• _Your goal_
Leave the images out, and otherwise write out each entry exactly.

Stored data entries:
*** Begin section ***
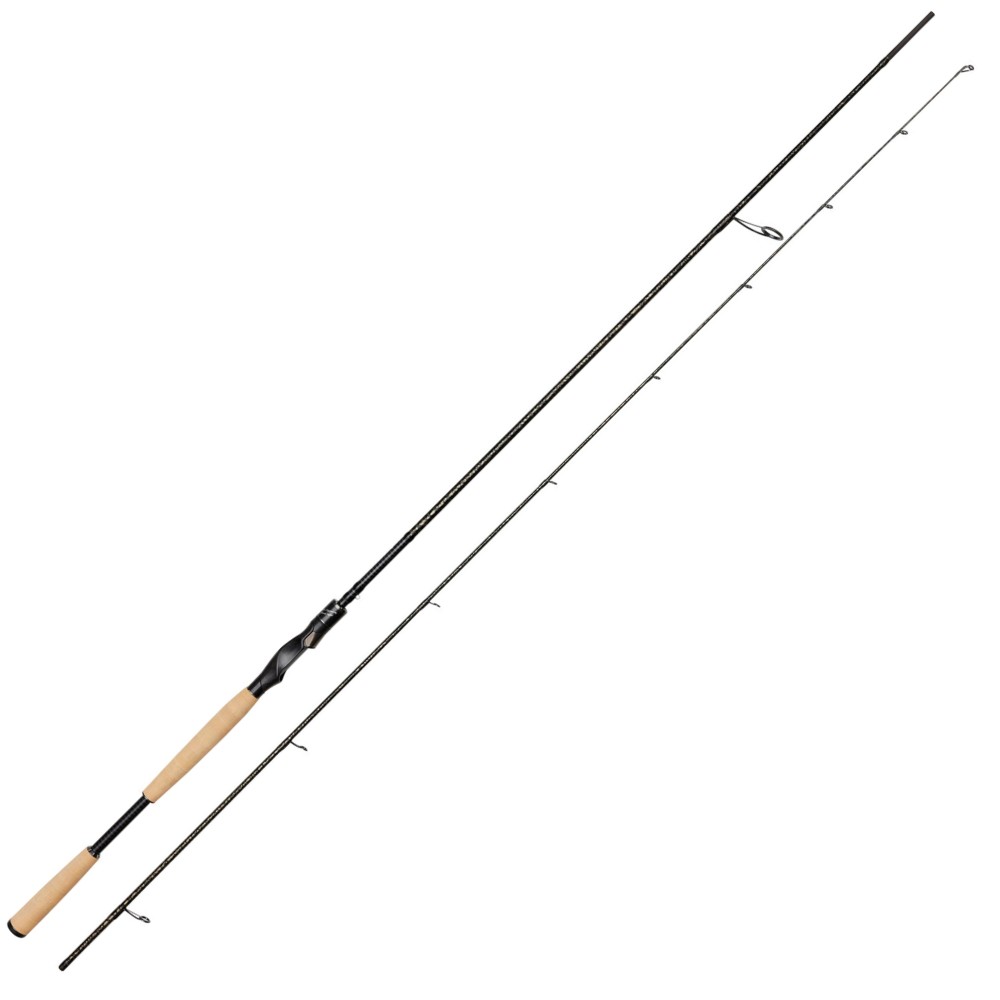 Westin W8 Spin 2nd - Spinnrute 2,43m - 5-25g - 2tlg - 115g - ML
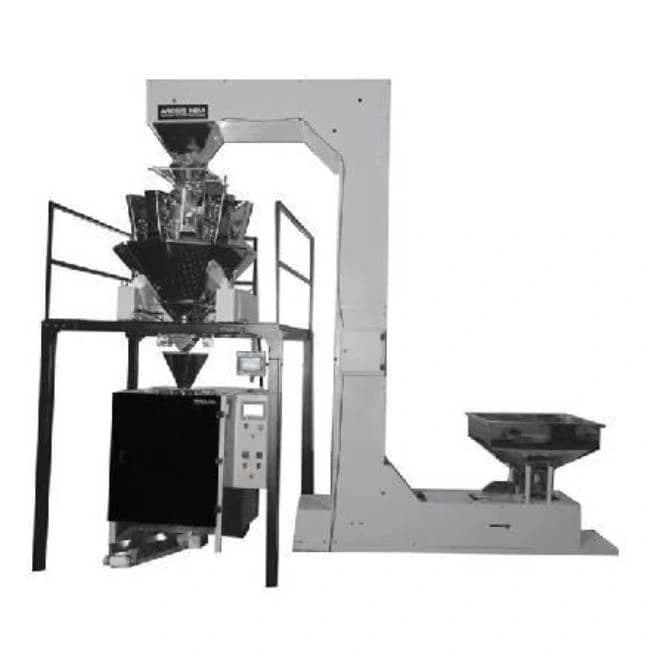1 kg Automatic Salt Packaging Machine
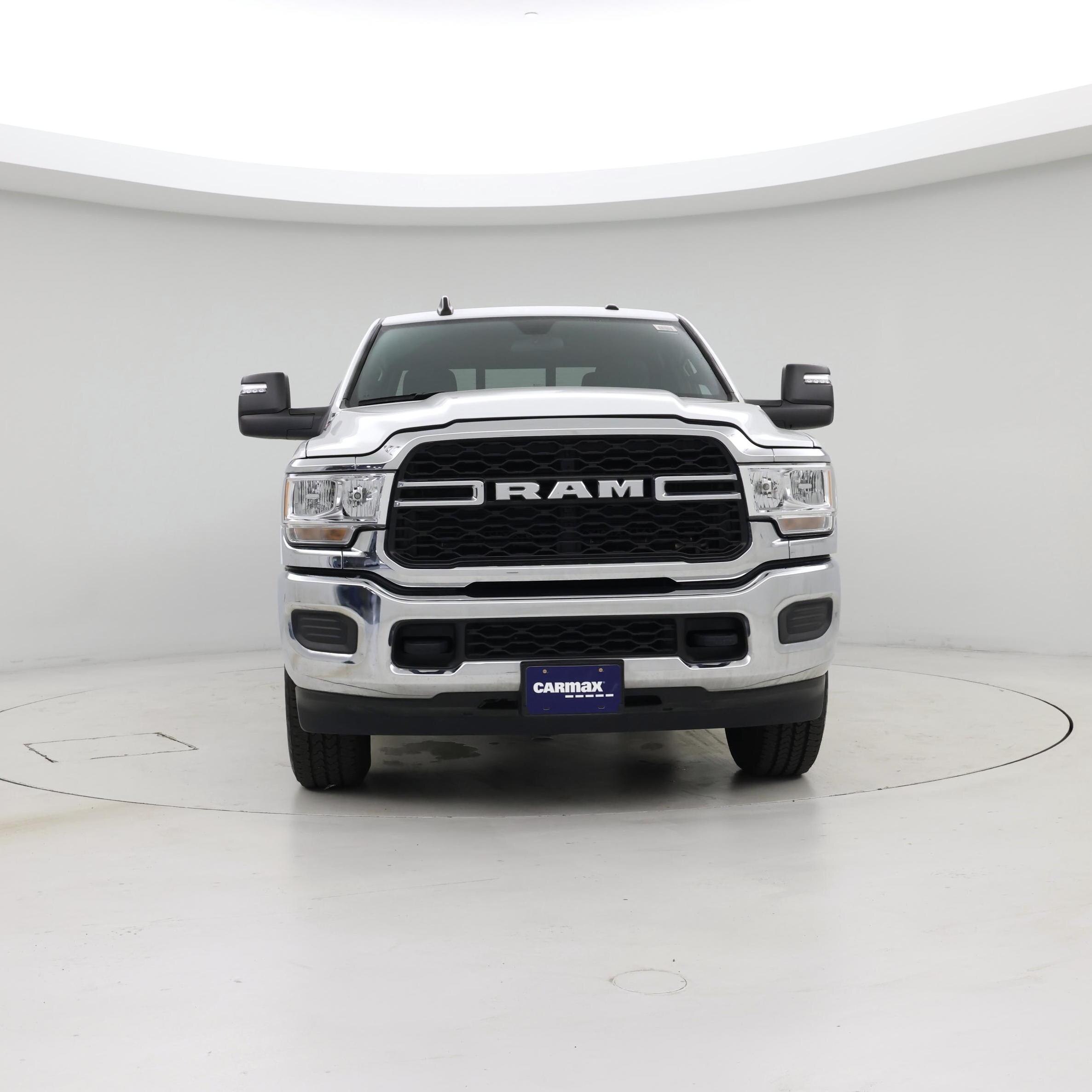 Thumbnail: 2023 RAM 2500 - 5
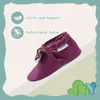 BEMUSE® Baby Krabbelschuhe aus Echtleder, weiche Produktbild-Vorschau 4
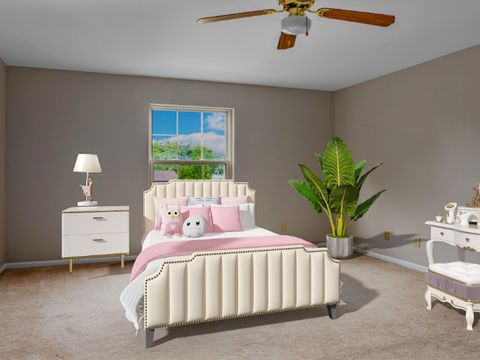 Tiny photo for 1858 David Avenue, Joliet, IL 60433 (MLS # 12469859)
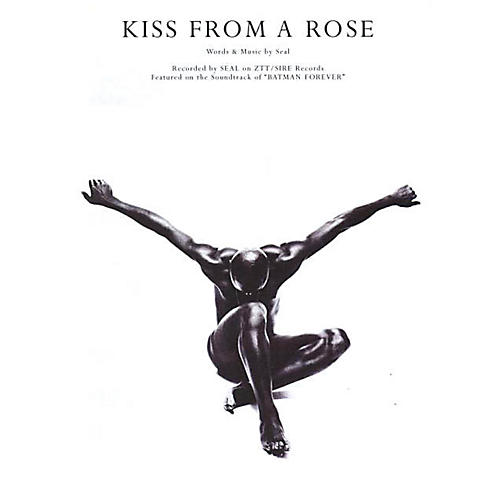 Music Sales Kiss from a Rose Music Sales America Series Performed by Seal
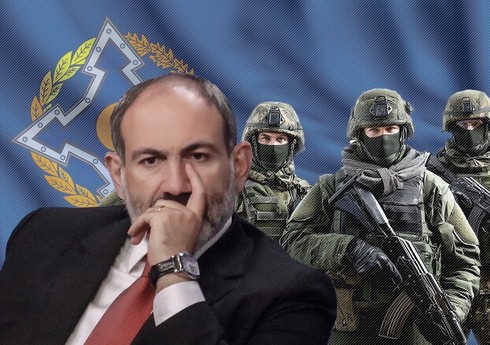 Пашинян передумал покидать ОДКБ и рвать с РФ: Чего боится премьер Армении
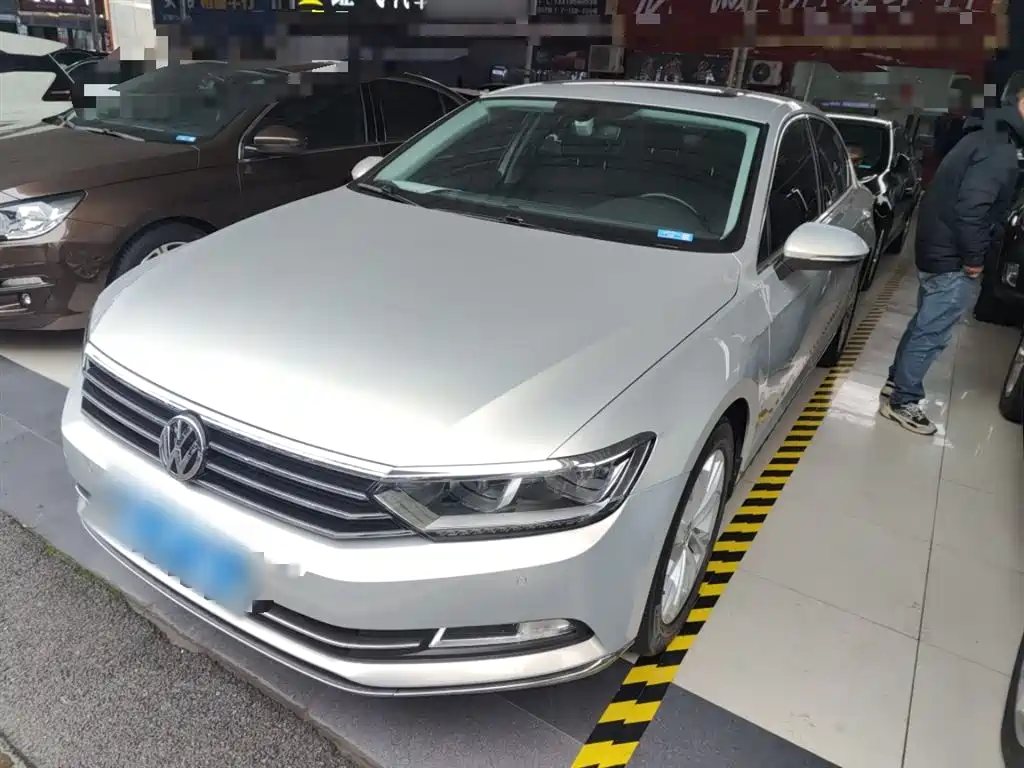 Volkswagen Magotan 2020
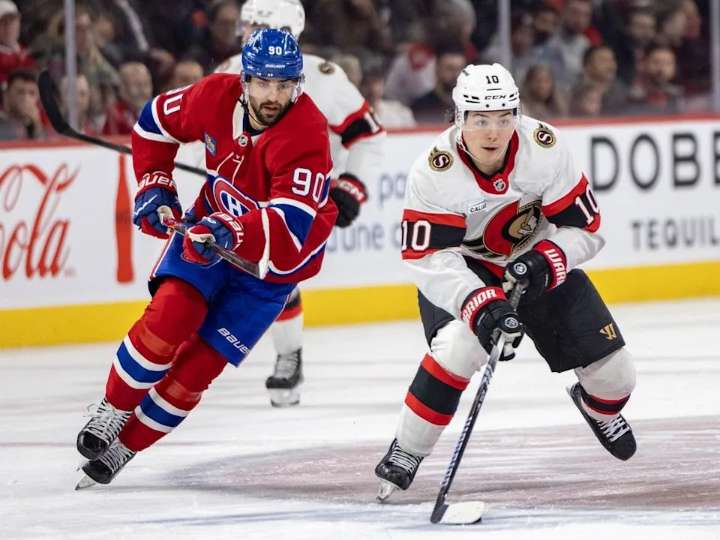 Joe Veleno's role with Canadiens comes into sharper focus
*** End section ***
• _Exercise output_
 Westin W8 Spin 2nd - Spinnrute 2,43m - 5-25g - 2tlg - 115g - ML
1 kg Automatic Salt Packaging Machine
 Thumbnail: 2023 RAM 2500 - 5
 BEMUSE® Baby Krabbelschuhe aus Echtleder, weiche Produktbild-Vorschau 4
 Tiny photo for 1858 David Avenue, Joliet, IL 60433 (MLS # 12469859)
 Music Sales Kiss from a Rose Music Sales America Series Performed by Seal
 Пашинян передумал покидать ОДКБ и рвать с РФ: Чего боится премьер Армении
 Volkswagen Magotan 2020
 Joe Veleno's role with Canadiens comes into sharper focus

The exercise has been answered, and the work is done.